Auch LKW-Road-Pricing muß fallen

Alleingang Österreichs gefährdet Betriebe, Lieferungen zwischen Ost- und Westösterreich und Arbeitsplätze

Vorgang - "Die von der Regierung geplante Einführung einer fahrleistungsabhängigen LKW-Maut auf allen österreichischen Autobahnen und Schnellstraßen gefährdet die Existenz von Betrieben, stört nachhaltig die Wirtschaftsbeziehungen zwischen West- und Ostösterreich und schwächt die Wirtschaftskraft verkehrsmäßig ungünstig gelegener Regionen noch zusätzlich. Deshalb muß auch das LKW-Road-Pricing fallen," erklärte WKÖ-Präsident Leo Maderthaner Dienstag bei einer Pressekonferenz mit dem Obmann der Sektion Verkehr, Harald Bollmann und Syndikus Viktor Navratil-Wagner. ****

"Ich appelliere an Regierung und Parlament, einen österreichischen Alleingang ebenso zu vermeiden, wie das beim PKW-Road-Pricing bereits geschehen ist. Wir haben aus guten Gründen schon bei unserem Kammertag im Dezember '96 mit einem Antrag aller drei Fraktionen gegen die Einführung des Road-Pricing im europäischen Alleingang protestiert: "Das Gebührensystem muß auch darauf Rücksicht nehmen, daß Regionen die abseits von Zentralräumen liegen, in ihrer Entwicklung nicht benachteiligt werden dürfen. Das geplante Road-Pricing-System gefährdet die regionale Arbeitsteilung (z.B. keine burgenländischen Tomaten im Westen, keine Vorarlberger Fruchtsäfte im Osten) in Österreich und stellt die Integration peripherer Regionen in Frage. Das Aufgeben des Wirtschaftsstandortes in diesen arbeitsmarktpolitisch sensiblen Regionen wirkt der von der Bundesregierung forcierten Beschäftigungsoffensive völlig entgegen," hieß es im damaligen Kammertagsbeschluß. Auch die Vollversammlungen der Wirtschaftskammern aller neun Bundesländer haben im November und Dezember 1996 nahezu gleichlautende Resolutionen beschlossen.

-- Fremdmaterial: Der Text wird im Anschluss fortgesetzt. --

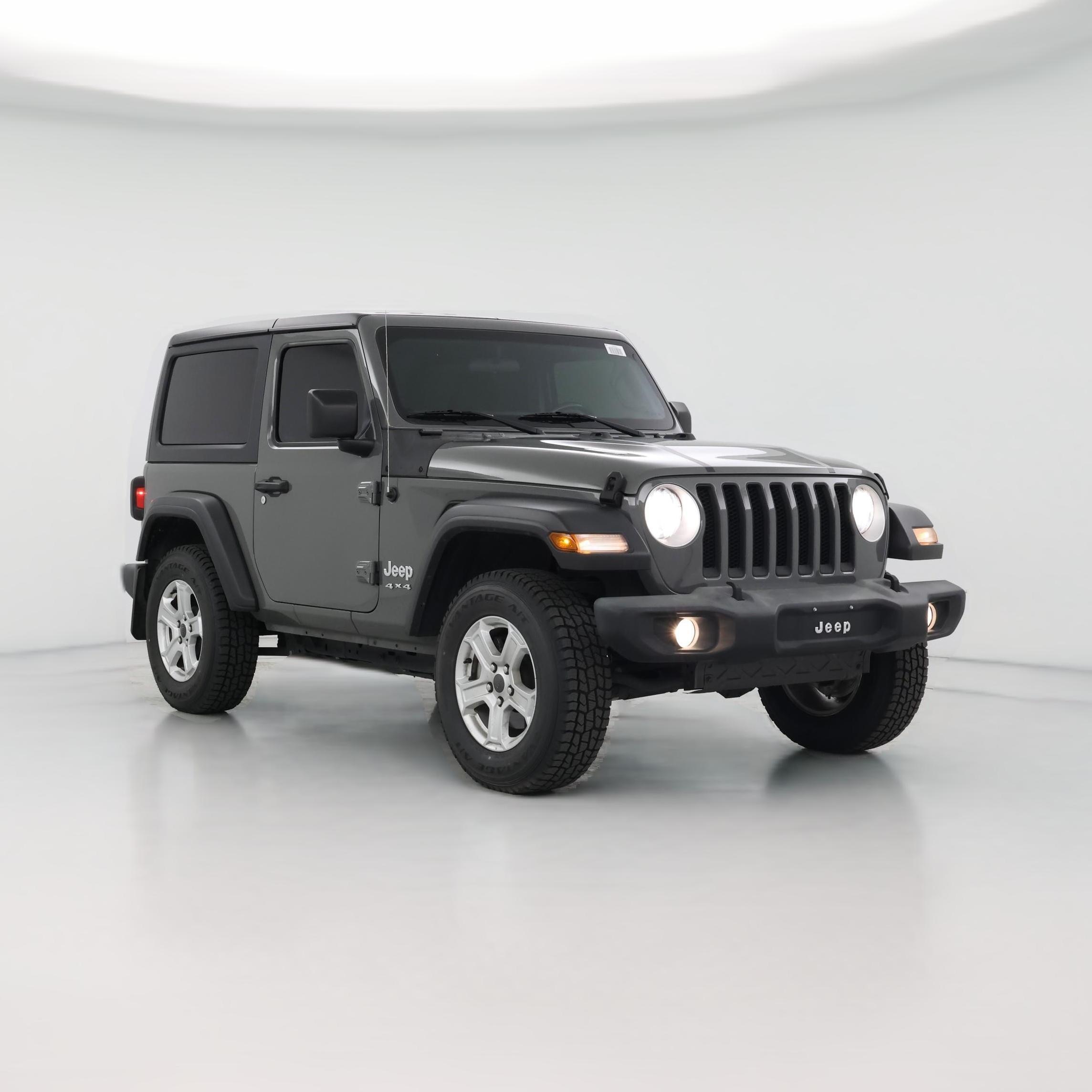 Thumbnail: 2019 Jeep Wrangler - 1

"In einem Antrag an den Kammertag vom 4. Juli 1997 plädieren wir deshalb erneut für eine Streichung des 2 des Bundesstraßenfinanzierungsgesetzes 1996", so Maderthaner.

Welche wirtschaftlichen Folgen eine Maut von zwei Schilling pro LKW-Kilometer auf Autobahnen und Schnellstraßen haben würde, hat die Sektion Verkehr und die verkehrspolitische Abteilung der Wirtschaftskammer Österreich in einer Befragungsaktion betroffener Unternehmen analysiert.

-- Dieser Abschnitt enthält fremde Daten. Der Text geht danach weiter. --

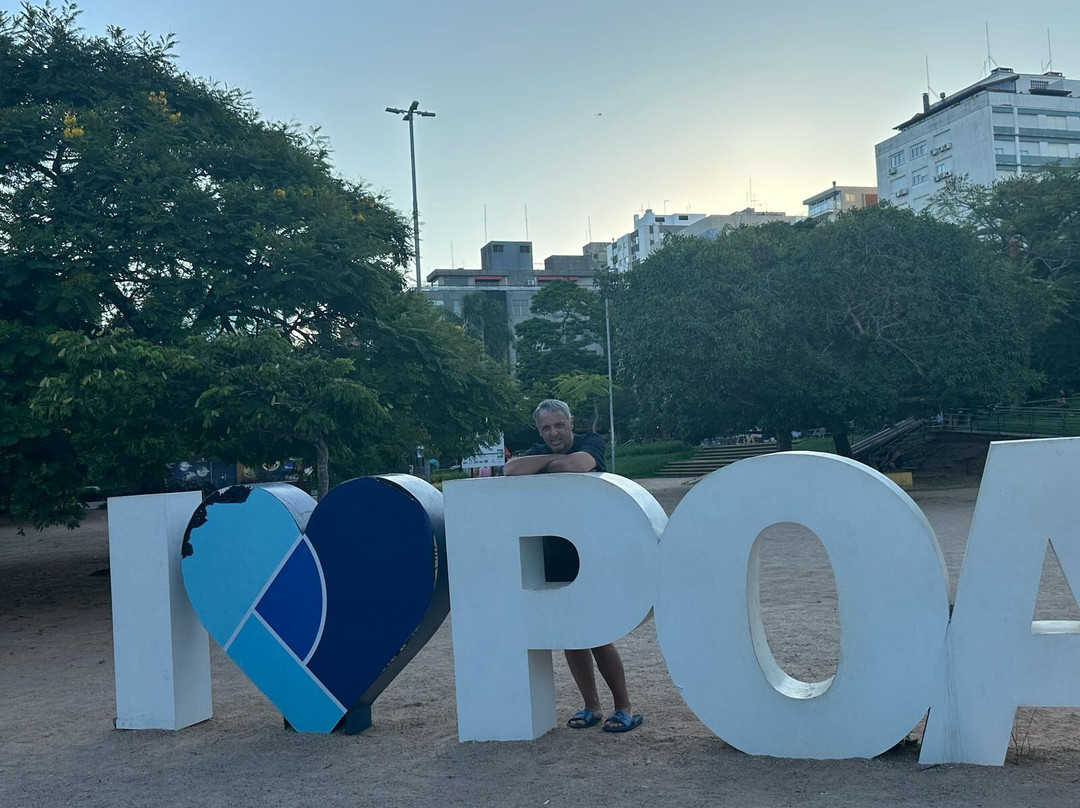 风车公园-阿雷格里港必去景点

"Mit dem Road-Pricing wird in erster Linie der Verkehr über längere Strecken extrem verteuert. Dies belastet vor allem den Warenaustausch zwischen Ost- und Westösterreich mit Entfernungen bis zu 700 Kilometern. Besonders Tiroler und Vorarlberger Unternehmen weisen darauf hin, daß Lieferungen aus Ostösterreich teurer werden und teilweise durch Lieferungen aus dem benachbarten Ausland (vor allem aus Bayern) ersetzt werden müßten. Firmen aus Ostösterreich befürchten," berichtete Sektionsobmann Bollmann, "daß sie Kunden in Westösterreich an Konkurrenten aus den Nachbarstaaten verlieren würden. Damit wären auch viele Arbeitsplätze gefährdet."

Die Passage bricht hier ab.